I'm not saying we strictly need it, but if we could find time to pursue this line further would it be possible to get Docker [2] and git-lfs [3] installed on stat1005 if deemed beneficial / necessary?

Deployed git-lfs also on stat1005! I am personally in favor of supporting any testing work, but I have a couple of comments:

  • stat1005 is currently in a "testing" phase but eventually (I hope very soon) it should become a regular production host dedicated to the research team (as it was originally meant to be when we started this work). So I am all for building/training/etc.. models to see if RocM works but I also want to finally deliver this host to the Research team since it has been promised ages ago :)
  • Installing Docker would be rather problematic in my opinion from the security point of view. The SRE team is doing an extremely complex work for Kubernetes to ensure that our internal Docker registry is kept as secure as possible, and for example random images from the Internet are not allowed IIUC. The stat1005 host is inside the Analytics VLAN, so "close" to our most precious private data, and more care on this front is needed.
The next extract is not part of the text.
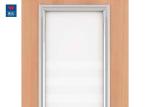 Fireproof Shower Bath Glass Door For Office Living Room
To conclude: I am all for supporting testing (deploying packages, trying to build, etc..) but I would not pursue the Docker road (for security concerns as explained above) and I'd need at some point to move stat1005 to the Research team to unblock their future projects.

Last but not the least: in T220698 I asked to the SRE team to investigate if the same model of GPU that runs on stat1005 could be deployed on other stat/notebook hosts. Ideally if we could get a couple more on other stat boxes it would be good to ease the testing for multiple teams/people. Our final dream is to run GPUs directly on Hadoop worker nodes but there is a ton of work to do before even figuring out that if is possible or not :)

Not sure if I have answered to your questions, if not please reach out to me, happy to help!

A reason why the SRE team is very strict in what Docker images are allowed: https://news.ycombinator.com/item?id=19763413

@elukey thanks for the follow up here. No need to block on me for the GPU. Fully agreed on the need for a secure supply chain.